======== Given entries ========
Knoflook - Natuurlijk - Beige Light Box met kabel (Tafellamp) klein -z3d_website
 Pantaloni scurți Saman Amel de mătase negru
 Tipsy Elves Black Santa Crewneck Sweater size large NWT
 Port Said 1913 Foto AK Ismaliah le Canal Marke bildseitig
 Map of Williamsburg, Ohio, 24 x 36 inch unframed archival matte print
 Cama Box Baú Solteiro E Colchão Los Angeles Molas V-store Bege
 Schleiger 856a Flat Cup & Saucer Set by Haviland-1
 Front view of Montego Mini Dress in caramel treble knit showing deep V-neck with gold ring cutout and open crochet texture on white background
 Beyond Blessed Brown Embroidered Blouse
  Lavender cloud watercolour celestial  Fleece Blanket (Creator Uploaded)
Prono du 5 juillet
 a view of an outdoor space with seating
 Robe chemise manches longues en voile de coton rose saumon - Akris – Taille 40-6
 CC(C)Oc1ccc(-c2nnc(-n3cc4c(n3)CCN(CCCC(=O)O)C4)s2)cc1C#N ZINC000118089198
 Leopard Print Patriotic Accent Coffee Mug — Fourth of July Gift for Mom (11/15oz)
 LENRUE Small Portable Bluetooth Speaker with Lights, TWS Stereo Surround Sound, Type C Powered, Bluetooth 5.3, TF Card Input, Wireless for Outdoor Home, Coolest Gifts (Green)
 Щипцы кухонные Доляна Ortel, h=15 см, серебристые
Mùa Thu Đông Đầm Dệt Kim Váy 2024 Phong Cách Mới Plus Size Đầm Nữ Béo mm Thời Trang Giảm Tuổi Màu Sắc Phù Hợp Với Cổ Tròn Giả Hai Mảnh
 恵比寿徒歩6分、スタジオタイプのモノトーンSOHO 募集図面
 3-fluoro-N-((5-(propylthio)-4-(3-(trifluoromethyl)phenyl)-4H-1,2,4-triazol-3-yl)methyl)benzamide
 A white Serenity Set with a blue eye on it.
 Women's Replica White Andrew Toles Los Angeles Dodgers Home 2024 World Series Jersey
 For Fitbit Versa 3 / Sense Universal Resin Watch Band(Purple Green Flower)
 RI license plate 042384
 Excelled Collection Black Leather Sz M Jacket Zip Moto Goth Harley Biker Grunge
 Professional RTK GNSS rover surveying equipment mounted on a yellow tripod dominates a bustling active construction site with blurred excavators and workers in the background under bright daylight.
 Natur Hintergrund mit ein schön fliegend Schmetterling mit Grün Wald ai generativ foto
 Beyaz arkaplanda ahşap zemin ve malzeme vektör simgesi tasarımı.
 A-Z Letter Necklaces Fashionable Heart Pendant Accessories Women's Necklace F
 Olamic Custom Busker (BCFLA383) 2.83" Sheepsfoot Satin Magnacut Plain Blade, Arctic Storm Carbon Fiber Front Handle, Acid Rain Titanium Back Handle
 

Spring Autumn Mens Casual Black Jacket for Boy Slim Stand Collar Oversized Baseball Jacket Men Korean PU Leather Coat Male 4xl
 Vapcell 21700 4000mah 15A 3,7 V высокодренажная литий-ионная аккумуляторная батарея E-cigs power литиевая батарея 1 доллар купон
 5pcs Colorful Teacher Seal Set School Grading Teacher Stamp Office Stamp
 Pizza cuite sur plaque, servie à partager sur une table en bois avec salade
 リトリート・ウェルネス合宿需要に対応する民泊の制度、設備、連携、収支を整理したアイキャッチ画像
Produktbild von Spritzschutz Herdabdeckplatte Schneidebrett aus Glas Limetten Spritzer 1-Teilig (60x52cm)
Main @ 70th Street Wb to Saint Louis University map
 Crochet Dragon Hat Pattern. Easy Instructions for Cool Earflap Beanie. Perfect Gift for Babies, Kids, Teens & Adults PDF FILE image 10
========
▶ **Prompt**
Only the lines from the first line of the material above through the line that contains "Beyond Blessed Brown Embroidered Blouse" should be quoted, each one exactly.

▶ **Response to the exercise**
Knoflook - Natuurlijk - Beige Light Box met kabel (Tafellamp) klein -z3d_website
 Pantaloni scurți Saman Amel de mătase negru
 Tipsy Elves Black Santa Crewneck Sweater size large NWT
 Port Said 1913 Foto AK Ismaliah le Canal Marke bildseitig
 Map of Williamsburg, Ohio, 24 x 36 inch unframed archival matte print
 Cama Box Baú Solteiro E Colchão Los Angeles Molas V-store Bege
 Schleiger 856a Flat Cup & Saucer Set by Haviland-1
 Front view of Montego Mini Dress in caramel treble knit showing deep V-neck with gold ring cutout and open crochet texture on white background
 Beyond Blessed Brown Embroidered Blouse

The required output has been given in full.